If the movie feels like it has a ‘been there, done that’ vibe about it, that is because there are a lot of tropes in the film familiar to the genre, everything from Asimov’s I, Robot to Channel 4’s Humans. Despite that, it still manages to engage the viewer as it is well-acted and the A.I. has a very unique personality, not to mention the situation that those characters find themselves in being a trying one that brings out a very mixed bag of emotions. Tau is every bit a character as everyone else in the picture and it is not long before the audience is made to empathise with it. Just like everyone else, all Tau wants to do is live and when it comes down to it, when Tau learns what killing and murder is, it nearly drives itself mad. Suffice it to say, no matter how grisly the atrocities committed, one feels sorry for him and wants Tau to be as free as anyone else.
Monroe does a great job as the hapless prisoner, though not so much the damsel in distress because she is essentially fearless and determined to escape the situation she finds herself in. If anything, it is Skrein who is helpless, he simply fails to realise it. It all makes for a great role reversal, one not seen too often, especially in a film like this, but it works and was done well.

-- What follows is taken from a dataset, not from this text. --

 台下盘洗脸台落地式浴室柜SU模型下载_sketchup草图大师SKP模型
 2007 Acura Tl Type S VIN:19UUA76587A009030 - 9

When it came to the special effects, something a movie like this is going to rely on at least fifty percent of the time, they were hit and miss. Sometimes they looked really good, but other times when Tau was mobile in his robotic form, it looked extremely cheap and broke the thread of believability for the viewer. If there was one thing that Netflix could have spent a few bucks on, it should have been making Tau as real as possible, making the monster look like the fearsome killing machine it was supposed to be.
All in all, there is little new to see in Tau, but even then, it still offers up enough to make for a good popcorn film – something to pass the time by in lieu of heavier fare.